Tiga Tugas Utama Muslimah dalam Rumah Tangga
Pemateri pengajian, Ustaz M Amin, memaparkan peran strategis perempuan dalam perspektif Islam. Menurutnya, muslimah memiliki tiga tugas pokok: beribadah kepada Allah, menjadi pendidik bagi anak-anaknya, serta menjaga kehormatan diri dan keluarga.
“Dalam perspektif Islam, muslimah memiliki tugas untuk beribadah kepada Allah SWT. Menjadi pendidik bagi anak-anaknya, serta menjaga kehormatan diri dan keluarga,” ujar Ustaz M Amin di hadapan peserta.
Pesan untuk Terus Tingkatkan Kualitas Diri
Dewan Penasihat DPD LDII Way Kanan, Badrun Fariz, mengingatkan para peserta agar terus meningkatkan kualitas diri. Ia mendorong muslimah untuk menerapkan akhlakul karimah dalam kehidupan sehari-hari.
“Terapkan akhlakul karimah dan jadilah teladan dalam membangun kehidupan rumah tangga yang harmonis,” tutur Badrun Fariz.
Program Pembinaan Berkelanjutan untuk Muslimah
Ketua DPD LDII Way Kanan, Sobri, menyebut pengajian ini merupakan salah satu program pembinaan berkelanjutan bagi muslimah. Tujuannya mewujudkan perempuan yang berilmu, berakhlak, dan mampu mengamalkan ajaran Islam dalam keseharian.
“Serta mampu mengamalkan ajaran Islam dalam kehidupan sehari-hari,” kata Sobri.
Ia berharap para peserta semakin memahami hak dan kewajibannya sesuai tuntunan syariat. “Agar menjadi pribadi yang salehah.

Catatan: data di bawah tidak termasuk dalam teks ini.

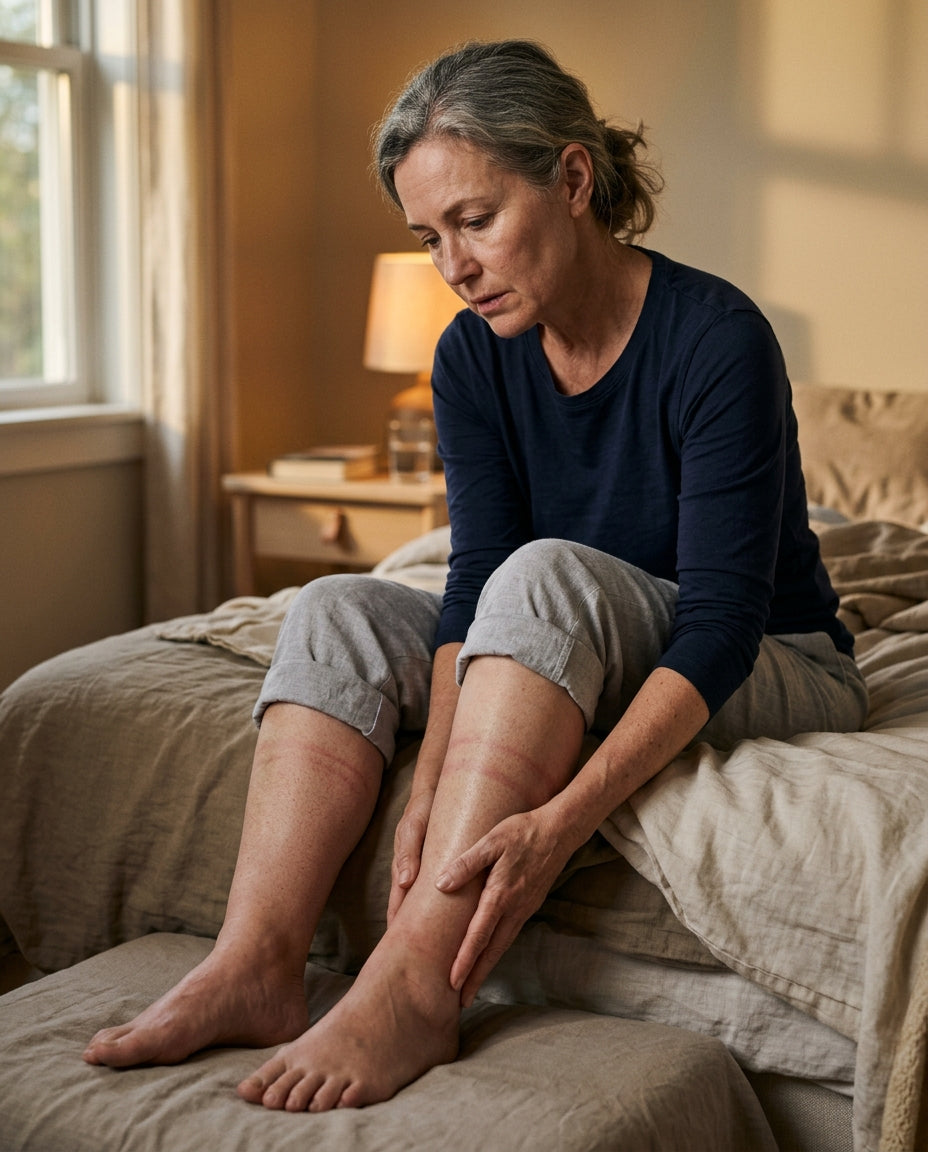 Woman with swollen legs at the end of the day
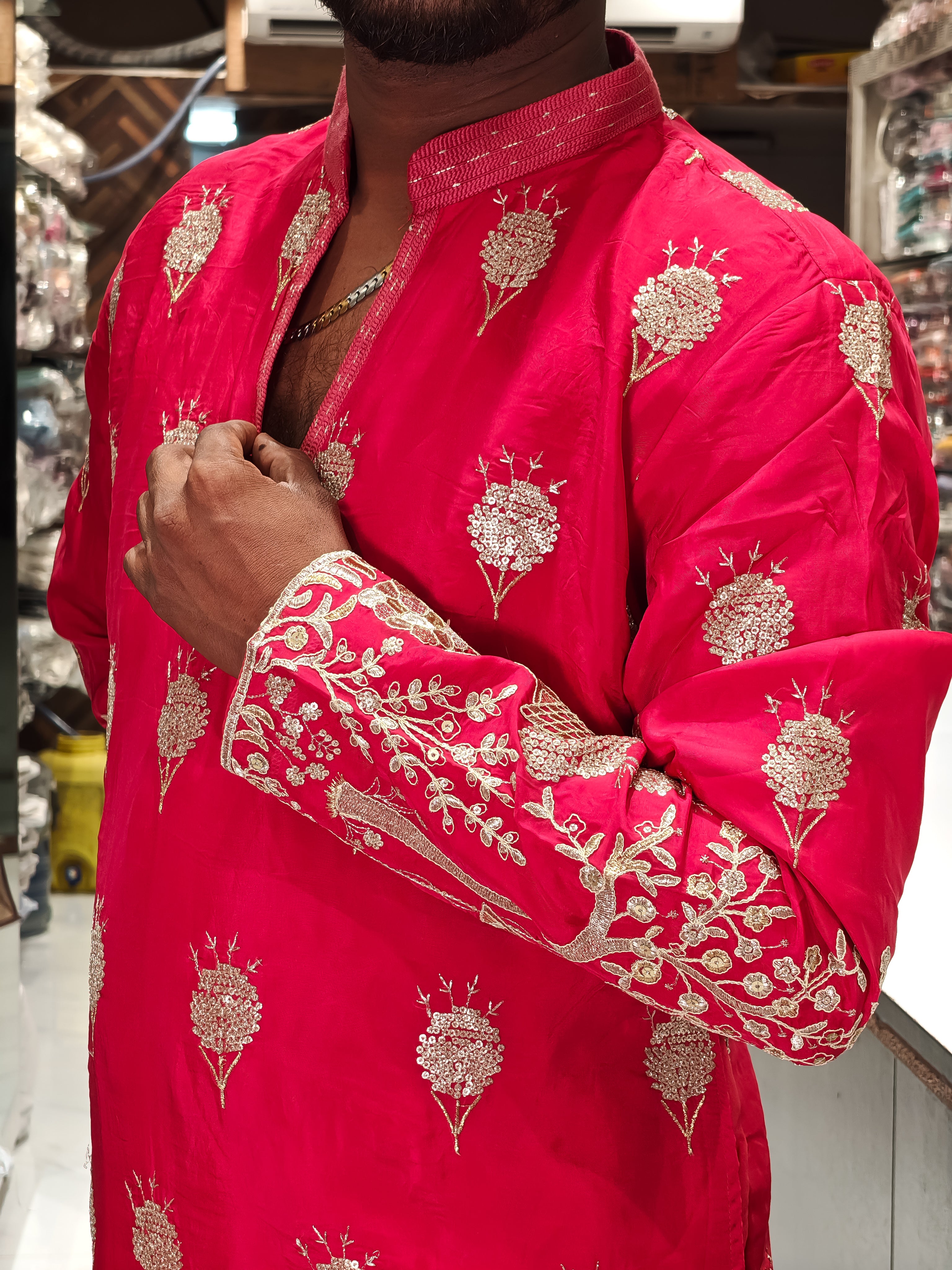 Coral Pink Silk Heavy Embroidered Kurta for Men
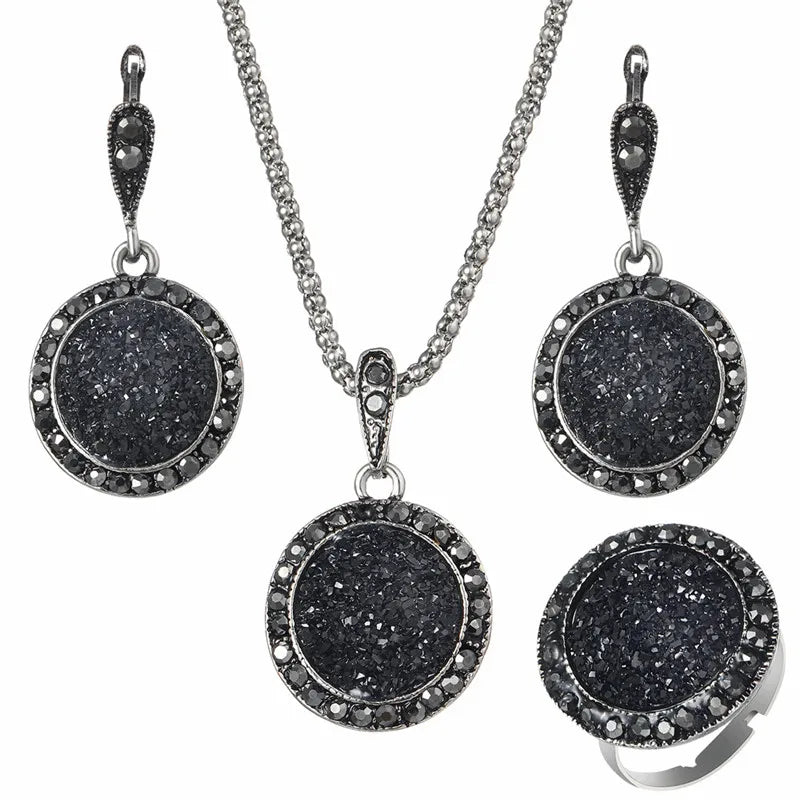 Vintage Black Stone Wedding Jewelry Set | Resin Necklace, Ring & Earrings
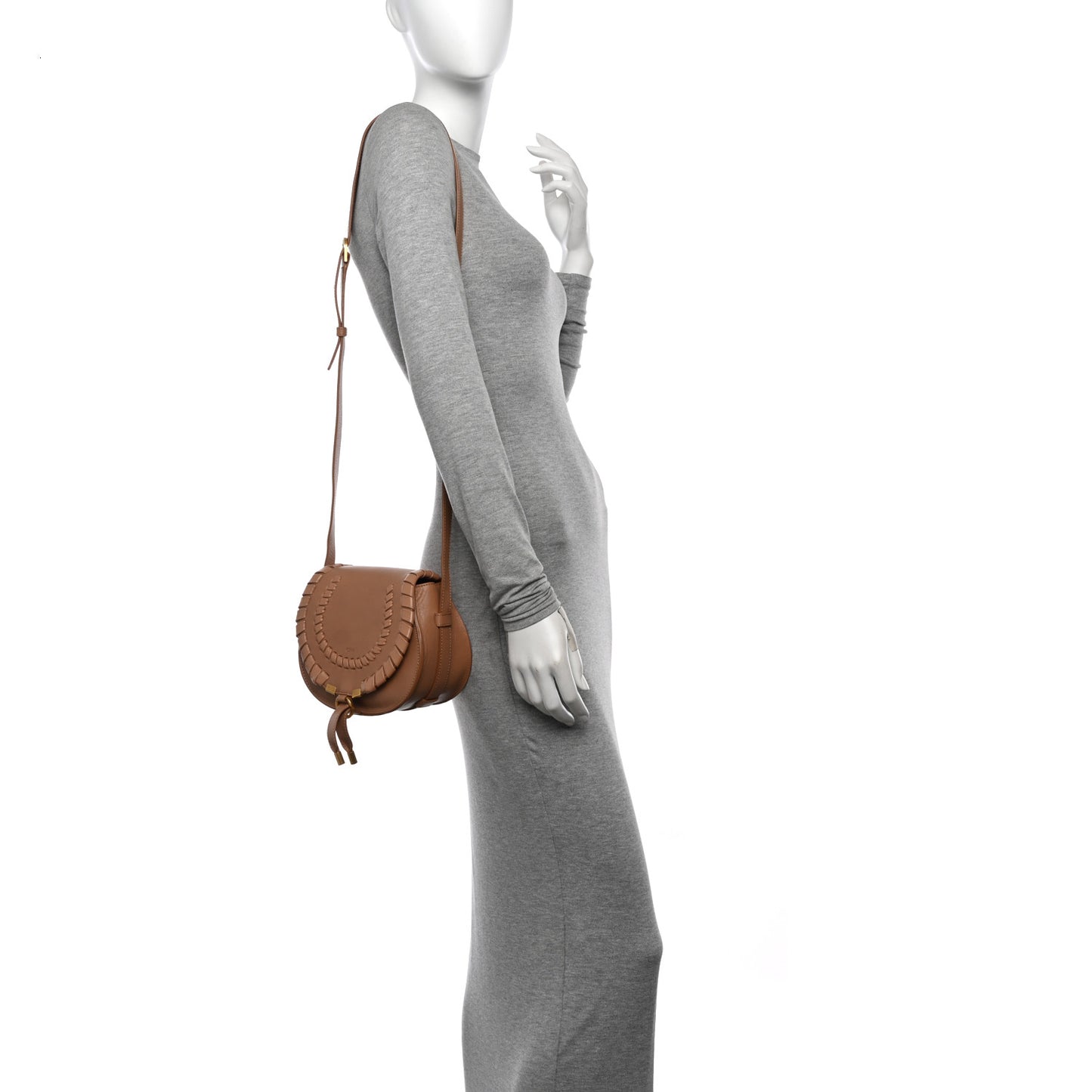 Smooth Calfskin Braided Small Marcie Saddle Bag Light Tan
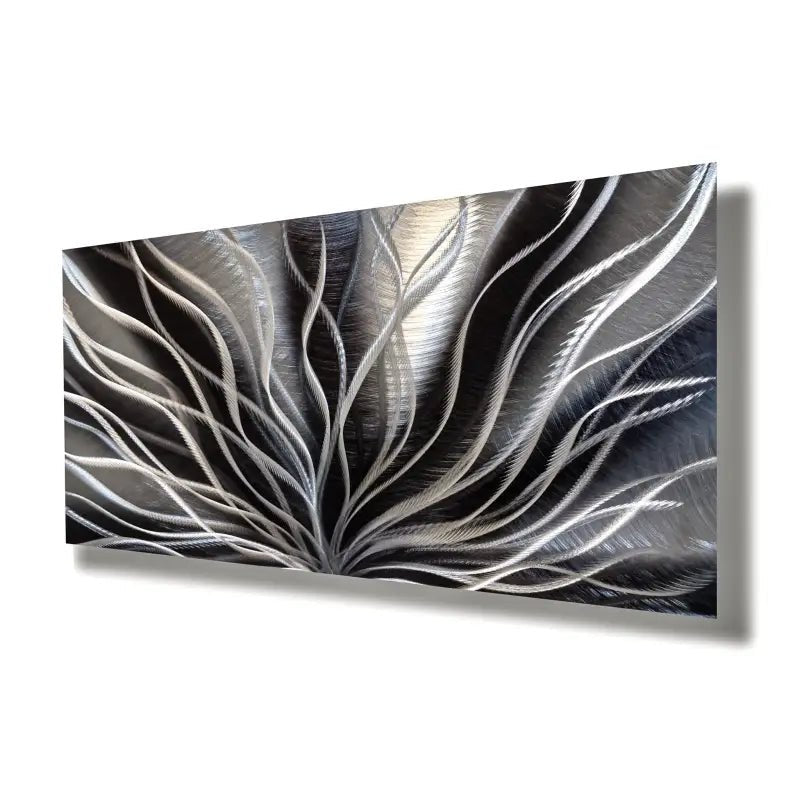 Black and Silver Decor Titled "Inbloom" - Modern Elements Metal Art - 34426567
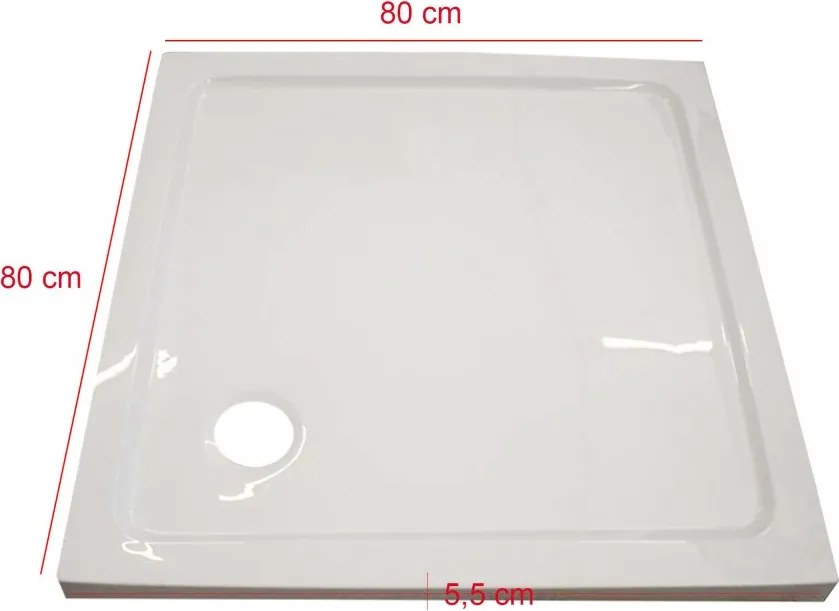 Cădiță de duș acrilică joasă, pătrată, Modena Slim, 80x80x5,5 cm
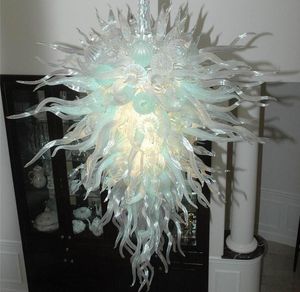 Europese stijl villa kunst lampen lange ketting led trap hanglamp 100% geblazen glas kristal kroonluchter verlichting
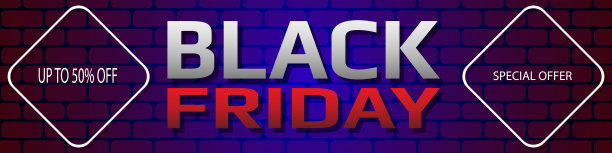 黑色星期五，五彩缤纷的促销大甩卖横幅模板。黑色星期五彩色横幅模板。图片下载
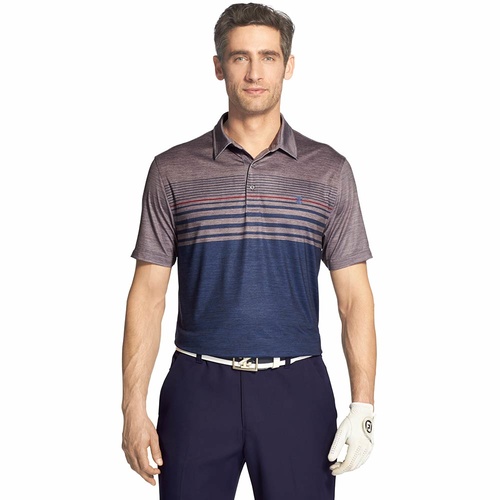 IZOD SS Striker Printed Striped Polo - Smoked Pearl [Size: Small]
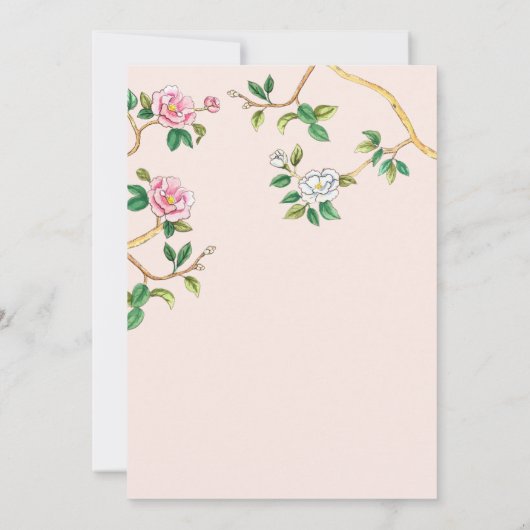Floral Chinoiserie Pink Bridal Shower Kaart (Achterkant)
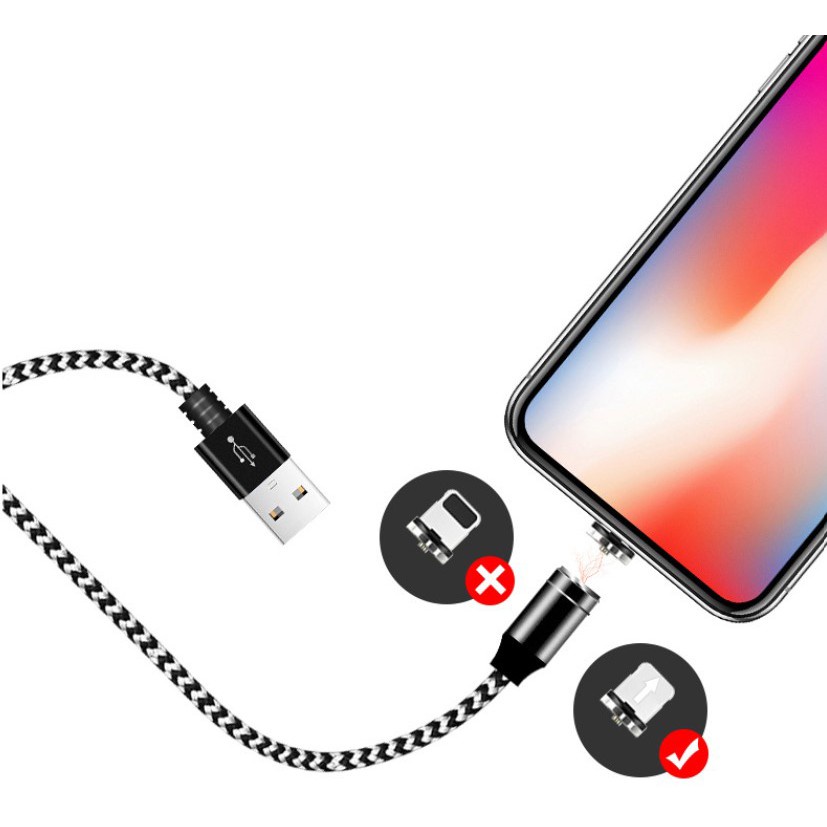 Dây cap sạc nam châm 3 đầu cho iphone và android type c siêu nhanh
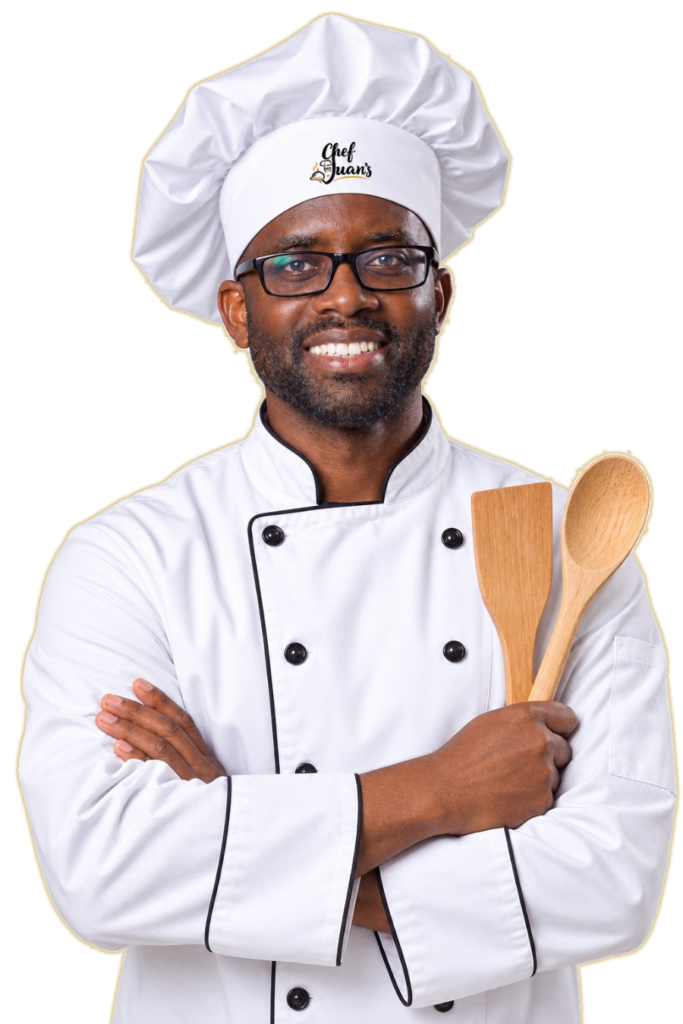 Chef Juan T. McAllister, founder of Chef Juan's®, in a professional kitchen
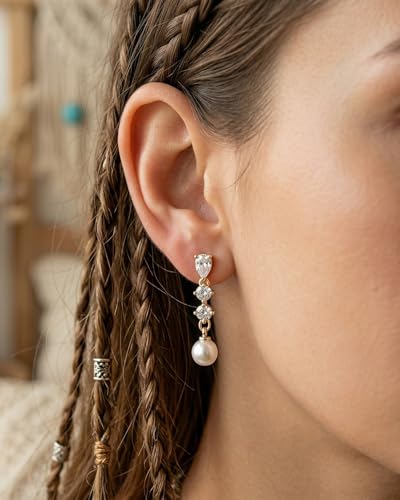 Pearl Earrings - 14K Gold/White Gold/Rose Gold Plated Cubic Zirconia CZ Diaomond Accented Pearl Drop Dangle Earrings for Women Wedding Bridal Prom - color: Gold 3pcs cz
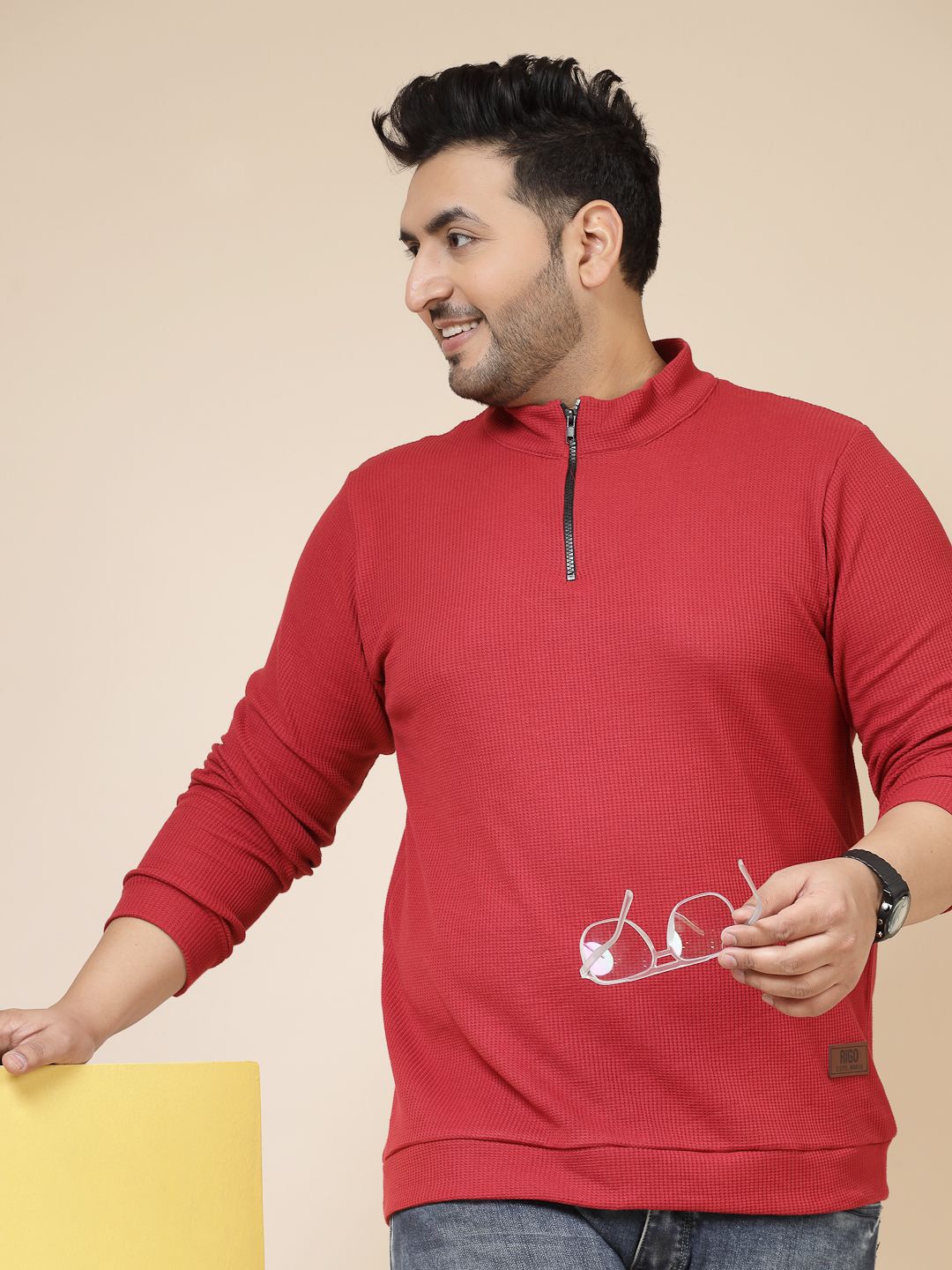 Rigo Men Plus Size Solid Knit High Neck Cotton Slim Fit T-shirt, Maroon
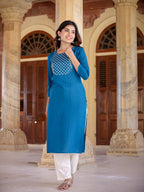 Yufta Women Yoke Design Chikankari Kurta | Grocsy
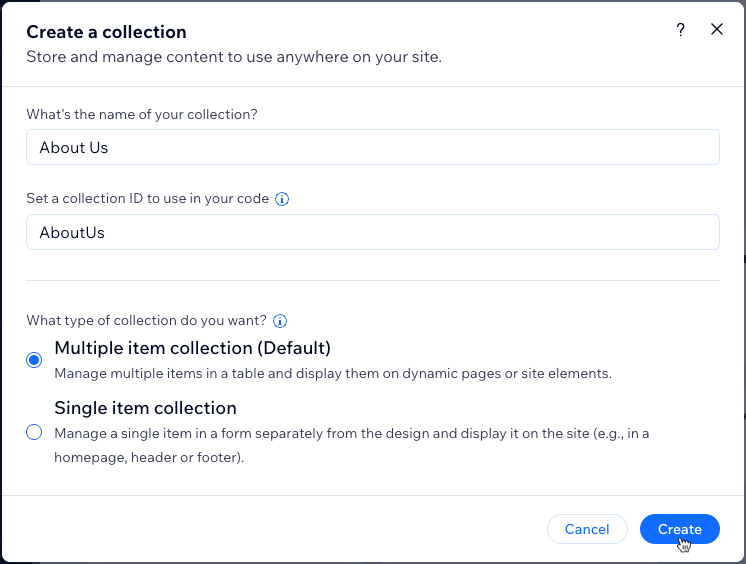Screenshot of creating a multiple item collection .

Mampu menjaga keharmonisan keluarga dan berkontribusi positif bagi lingkungan dan masyarakat,” pungkasnya.
Pembangunan SDM Dimulai dari Keluarga
Sobri menambahkan, pihaknya berkomitmen mengimplementasikan program pembinaan secara berkelanjutan. Menurutnya, pembangunan sumber daya manusia yang profesional dan religius harus dimulai dari pondasi keluarga.
“Sebagai upaya untuk membangun sumber daya manusia yang profesional dan religius. Semua, dimulai dari pembinaan keluarga, sebagai pondasi utama dalam kehidupan bermasyarakat,” tutup Sobri.